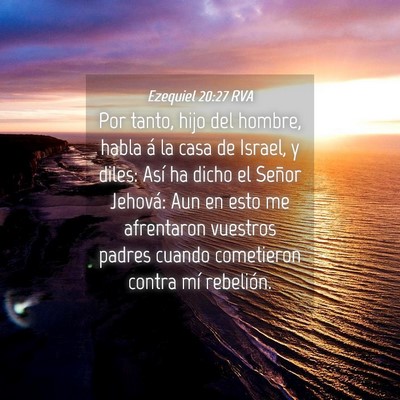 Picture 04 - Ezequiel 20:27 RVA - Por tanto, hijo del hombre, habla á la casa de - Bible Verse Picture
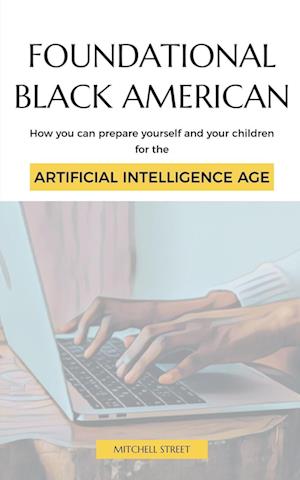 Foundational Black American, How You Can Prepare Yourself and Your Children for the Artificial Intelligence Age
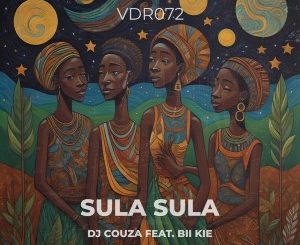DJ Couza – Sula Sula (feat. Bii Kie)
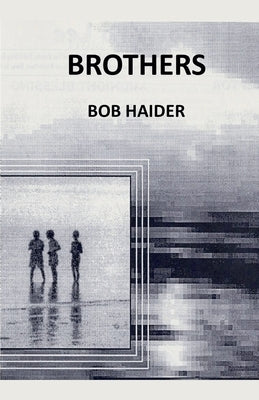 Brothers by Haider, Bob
● ● ● ●
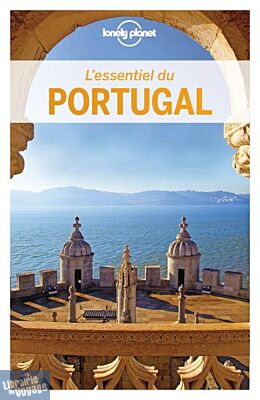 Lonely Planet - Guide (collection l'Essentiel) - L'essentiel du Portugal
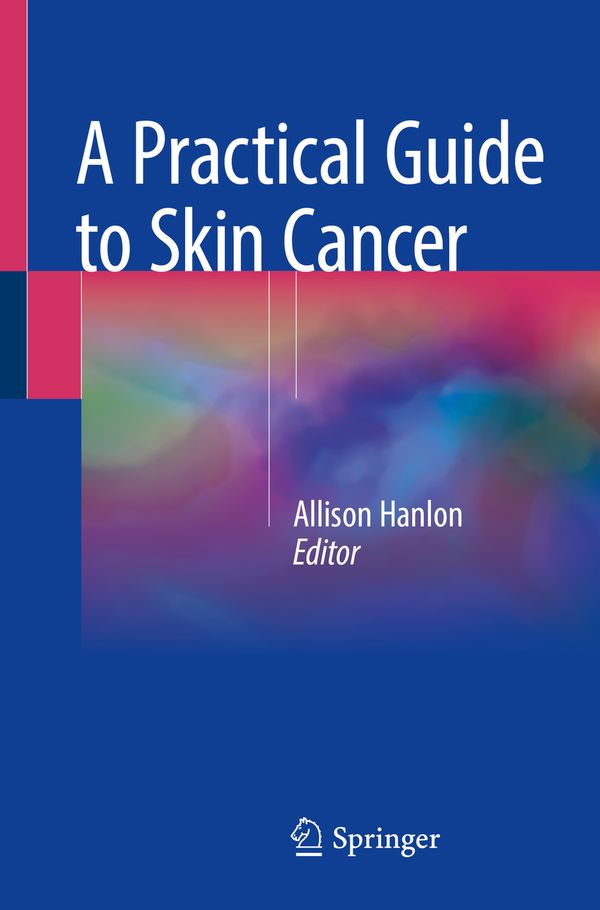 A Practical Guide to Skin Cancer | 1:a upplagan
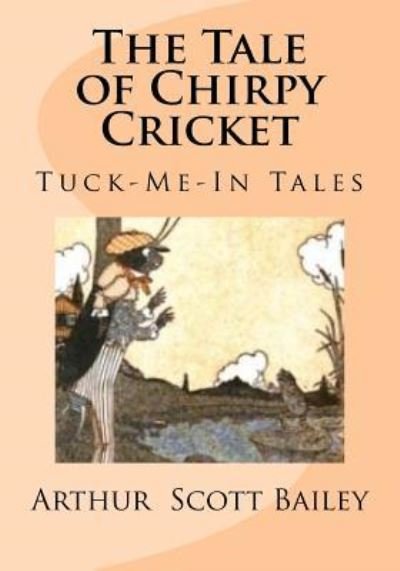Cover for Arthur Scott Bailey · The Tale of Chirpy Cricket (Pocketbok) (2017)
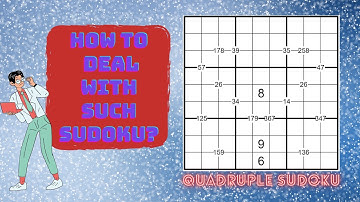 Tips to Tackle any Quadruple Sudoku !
● ● ● ●
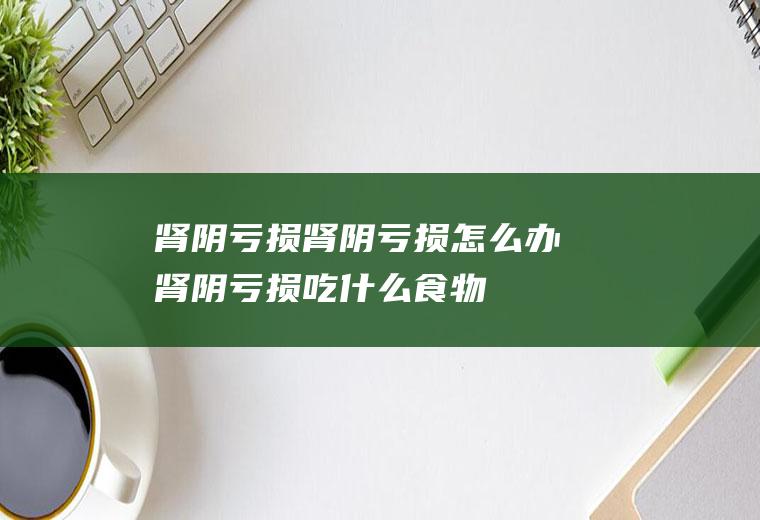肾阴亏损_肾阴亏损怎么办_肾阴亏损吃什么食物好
● ● ● ●
§ **Aim of the task**
The copy should hold exactly the lines above from the one with "Picture 04 - Ezequiel" through the one with "Brothers by Haider, Bob", both ends counted, and no pictures at all.

§ **Solution for this task**
 Picture 04 - Ezequiel 20:27 RVA - Por tanto, hijo del hombre, habla á la casa de - Bible Verse Picture
 Foundational Black American, How You Can Prepare Yourself and Your Children for the Artificial Intelligence Age
DJ Couza – Sula Sula (feat. Bii Kie)
 Brothers by Haider, Bob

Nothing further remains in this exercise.